A SORRY ATTEMPT AT APOLOGY
I listened intently, but never once did I hear President Obama say he was sorry for charging the Cambridge, MA police department acted "stupidly" when an African-American professor at Harvard was arrested for disorderly conduct by white officer, Sgt. James Crowley. And certainly there was no apology to the officer.
Obama is a man of many words. But there seems to be a void in his volcabulary where the word sorry is concerned. That inability underscores what many detracting pundits claim is arrogance. They may be right. To say you are sorry when you are wrong is an act of humility. And the president was wrong on two counts; accusing an officer of acting stupidly even though Obama admitted he did not know all the facts; then defending the professor as being the victim of racial profiling, without using that term directly or knowing the facts.

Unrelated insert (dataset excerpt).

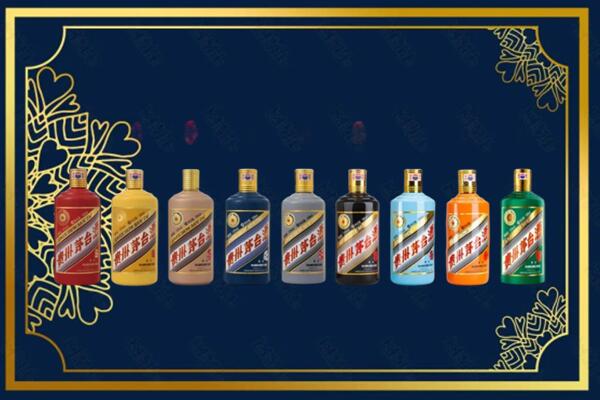 常州武进区回收生肖茅台酒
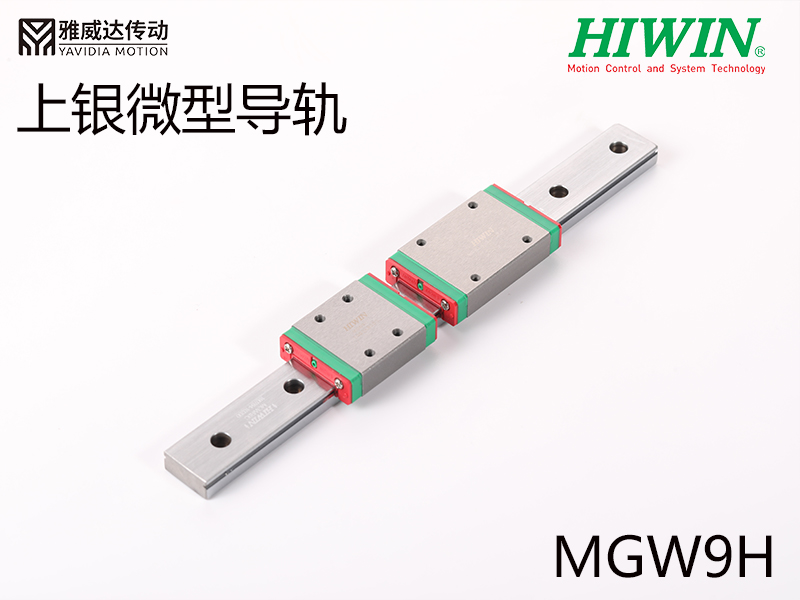 上银微型香蕉视频APP下载MGW9H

Crowley was called a racist and a rogue cop by a man the President calls a friend - Professor, Henry Gates, Jr. That charge has been repudiated by Crowley and the other officers at the scene and by several neighbors who witnessed Professor's Gates loud and insulting behavior. Gates appears to suffer the same deficit in his vocabulary as Obama - the words "I'm sorry" are missing.

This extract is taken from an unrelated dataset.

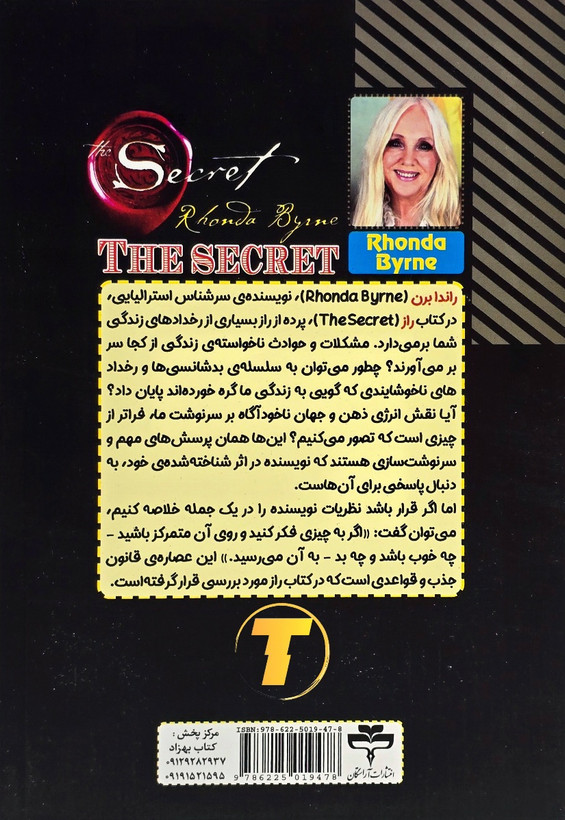 عکس نسخه فارسی کتاب راز ترجمه لیلا دژالون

Sgt. Crowley has taught classes in racial relations and gave mouth-to-mouth resusitation to Reggie Lewis when the NBA star collasped and died in 1993. This does not speak to a man who is racially insensitive.
This unnecessary controversy will continue to simmer and underscore that two highly successful and accomplished men, who have a darker pimented skin than many of their fellow Americans, seem only able to define themselves by their skin color instead of their accomplishments. How sad for them. How sad for America. How defiling of the legacy of Dr. Martin Luther King, who taught all of us by his quiet, perservering courage to define a man not by the color of his skin, but by the content of his character.
Perhaps both Gates and Obama should take time to read some of the wisdom from a man who gave his life to win equal rights not only for black americans, but for women. Which is why I will always revere and cherish the accomplishments of Dr. King. Yes, he was a black man. More importantly, he was an American man.